Exercise materials ▸

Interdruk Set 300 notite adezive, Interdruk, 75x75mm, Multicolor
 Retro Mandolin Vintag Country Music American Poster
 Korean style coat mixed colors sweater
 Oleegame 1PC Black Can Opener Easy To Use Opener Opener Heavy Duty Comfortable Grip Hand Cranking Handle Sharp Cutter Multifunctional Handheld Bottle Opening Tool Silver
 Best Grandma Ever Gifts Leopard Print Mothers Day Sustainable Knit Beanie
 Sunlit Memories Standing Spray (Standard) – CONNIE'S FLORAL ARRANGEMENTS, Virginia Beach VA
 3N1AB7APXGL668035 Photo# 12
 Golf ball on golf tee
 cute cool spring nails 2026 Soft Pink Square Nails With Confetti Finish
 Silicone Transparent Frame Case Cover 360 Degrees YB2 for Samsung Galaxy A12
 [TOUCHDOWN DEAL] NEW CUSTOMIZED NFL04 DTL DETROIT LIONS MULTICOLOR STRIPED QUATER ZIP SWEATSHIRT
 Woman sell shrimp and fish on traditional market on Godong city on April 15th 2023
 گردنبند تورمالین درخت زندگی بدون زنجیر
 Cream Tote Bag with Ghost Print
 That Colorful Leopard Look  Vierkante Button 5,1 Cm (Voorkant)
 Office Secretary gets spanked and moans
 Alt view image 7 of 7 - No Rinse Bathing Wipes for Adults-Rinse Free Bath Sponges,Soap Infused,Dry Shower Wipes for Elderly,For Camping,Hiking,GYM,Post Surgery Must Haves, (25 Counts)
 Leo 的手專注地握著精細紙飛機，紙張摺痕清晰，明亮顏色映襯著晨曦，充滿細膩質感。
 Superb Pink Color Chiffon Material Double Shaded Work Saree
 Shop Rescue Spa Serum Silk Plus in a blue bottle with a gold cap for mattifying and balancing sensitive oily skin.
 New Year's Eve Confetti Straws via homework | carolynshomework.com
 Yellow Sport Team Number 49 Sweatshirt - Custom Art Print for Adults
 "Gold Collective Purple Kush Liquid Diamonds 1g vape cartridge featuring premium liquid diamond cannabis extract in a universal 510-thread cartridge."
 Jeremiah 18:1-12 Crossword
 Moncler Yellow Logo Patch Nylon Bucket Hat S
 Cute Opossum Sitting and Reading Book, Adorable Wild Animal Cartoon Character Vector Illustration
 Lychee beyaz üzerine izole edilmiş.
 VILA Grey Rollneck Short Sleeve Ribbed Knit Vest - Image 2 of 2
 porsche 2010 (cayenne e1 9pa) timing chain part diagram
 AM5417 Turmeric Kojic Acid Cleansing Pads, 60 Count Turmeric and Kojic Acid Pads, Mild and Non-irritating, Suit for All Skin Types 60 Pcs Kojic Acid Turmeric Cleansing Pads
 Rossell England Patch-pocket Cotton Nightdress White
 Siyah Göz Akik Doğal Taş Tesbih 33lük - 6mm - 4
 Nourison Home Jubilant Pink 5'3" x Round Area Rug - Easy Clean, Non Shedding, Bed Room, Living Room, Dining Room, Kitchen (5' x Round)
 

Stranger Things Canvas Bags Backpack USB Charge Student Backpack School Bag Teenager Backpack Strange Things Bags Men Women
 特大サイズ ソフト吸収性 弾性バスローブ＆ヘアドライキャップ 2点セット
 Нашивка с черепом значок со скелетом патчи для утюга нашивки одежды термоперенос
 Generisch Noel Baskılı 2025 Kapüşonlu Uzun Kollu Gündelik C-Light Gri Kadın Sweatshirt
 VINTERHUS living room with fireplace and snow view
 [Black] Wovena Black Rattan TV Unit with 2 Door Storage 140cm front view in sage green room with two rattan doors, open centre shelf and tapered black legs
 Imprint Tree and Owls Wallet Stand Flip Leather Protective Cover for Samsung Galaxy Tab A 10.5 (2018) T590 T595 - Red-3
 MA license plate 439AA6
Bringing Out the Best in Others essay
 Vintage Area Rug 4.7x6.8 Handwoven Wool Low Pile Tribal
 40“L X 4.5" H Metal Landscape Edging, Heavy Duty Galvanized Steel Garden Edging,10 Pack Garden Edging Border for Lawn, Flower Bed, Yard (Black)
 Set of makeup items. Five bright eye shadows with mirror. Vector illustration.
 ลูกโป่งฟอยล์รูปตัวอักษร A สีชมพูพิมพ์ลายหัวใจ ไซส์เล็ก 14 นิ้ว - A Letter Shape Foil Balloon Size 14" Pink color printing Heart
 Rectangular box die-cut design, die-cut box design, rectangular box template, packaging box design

Directions for this task ▸
Could you retype every record above exactly as it appears?

Response for this exercise ▸
Interdruk Set 300 notite adezive, Interdruk, 75x75mm, Multicolor
 Retro Mandolin Vintag Country Music American Poster
 Korean style coat mixed colors sweater
 Oleegame 1PC Black Can Opener Easy To Use Opener Opener Heavy Duty Comfortable Grip Hand Cranking Handle Sharp Cutter Multifunctional Handheld Bottle Opening Tool Silver
 Best Grandma Ever Gifts Leopard Print Mothers Day Sustainable Knit Beanie
 Sunlit Memories Standing Spray (Standard) – CONNIE'S FLORAL ARRANGEMENTS, Virginia Beach VA
 3N1AB7APXGL668035 Photo# 12
 Golf ball on golf tee
 cute cool spring nails 2026 Soft Pink Square Nails With Confetti Finish
 Silicone Transparent Frame Case Cover 360 Degrees YB2 for Samsung Galaxy A12
 [TOUCHDOWN DEAL] NEW CUSTOMIZED NFL04 DTL DETROIT LIONS MULTICOLOR STRIPED QUATER ZIP SWEATSHIRT
 Woman sell shrimp and fish on traditional market on Godong city on April 15th 2023
 گردنبند تورمالین درخت زندگی بدون زنجیر
 Cream Tote Bag with Ghost Print
 That Colorful Leopard Look  Vierkante Button 5,1 Cm (Voorkant)
 Office Secretary gets spanked and moans
 Alt view image 7 of 7 - No Rinse Bathing Wipes for Adults-Rinse Free Bath Sponges,Soap Infused,Dry Shower Wipes for Elderly,For Camping,Hiking,GYM,Post Surgery Must Haves, (25 Counts)
 Leo 的手專注地握著精細紙飛機，紙張摺痕清晰，明亮顏色映襯著晨曦，充滿細膩質感。
 Superb Pink Color Chiffon Material Double Shaded Work Saree
 Shop Rescue Spa Serum Silk Plus in a blue bottle with a gold cap for mattifying and balancing sensitive oily skin.
 New Year's Eve Confetti Straws via homework | carolynshomework.com
 Yellow Sport Team Number 49 Sweatshirt - Custom Art Print for Adults
 "Gold Collective Purple Kush Liquid Diamonds 1g vape cartridge featuring premium liquid diamond cannabis extract in a universal 510-thread cartridge."
 Jeremiah 18:1-12 Crossword
 Moncler Yellow Logo Patch Nylon Bucket Hat S
 Cute Opossum Sitting and Reading Book, Adorable Wild Animal Cartoon Character Vector Illustration
 Lychee beyaz üzerine izole edilmiş.
 VILA Grey Rollneck Short Sleeve Ribbed Knit Vest - Image 2 of 2
 porsche 2010 (cayenne e1 9pa) timing chain part diagram
 AM5417 Turmeric Kojic Acid Cleansing Pads, 60 Count Turmeric and Kojic Acid Pads, Mild and Non-irritating, Suit for All Skin Types 60 Pcs Kojic Acid Turmeric Cleansing Pads
 Rossell England Patch-pocket Cotton Nightdress White
 Siyah Göz Akik Doğal Taş Tesbih 33lük - 6mm - 4
 Nourison Home Jubilant Pink 5'3" x Round Area Rug - Easy Clean, Non Shedding, Bed Room, Living Room, Dining Room, Kitchen (5' x Round)
 

Stranger Things Canvas Bags Backpack USB Charge Student Backpack School Bag Teenager Backpack Strange Things Bags Men Women
 特大サイズ ソフト吸収性 弾性バスローブ＆ヘアドライキャップ 2点セット
 Нашивка с черепом значок со скелетом патчи для утюга нашивки одежды термоперенос
 Generisch Noel Baskılı 2025 Kapüşonlu Uzun Kollu Gündelik C-Light Gri Kadın Sweatshirt
 VINTERHUS living room with fireplace and snow view
 [Black] Wovena Black Rattan TV Unit with 2 Door Storage 140cm front view in sage green room with two rattan doors, open centre shelf and tapered black legs
 Imprint Tree and Owls Wallet Stand Flip Leather Protective Cover for Samsung Galaxy Tab A 10.5 (2018) T590 T595 - Red-3
 MA license plate 439AA6
Bringing Out the Best in Others essay
 Vintage Area Rug 4.7x6.8 Handwoven Wool Low Pile Tribal
 40“L X 4.5" H Metal Landscape Edging, Heavy Duty Galvanized Steel Garden Edging,10 Pack Garden Edging Border for Lawn, Flower Bed, Yard (Black)
 Set of makeup items. Five bright eye shadows with mirror. Vector illustration.
 ลูกโป่งฟอยล์รูปตัวอักษร A สีชมพูพิมพ์ลายหัวใจ ไซส์เล็ก 14 นิ้ว - A Letter Shape Foil Balloon Size 14" Pink color printing Heart
 Rectangular box die-cut design, die-cut box design, rectangular box template, packaging box design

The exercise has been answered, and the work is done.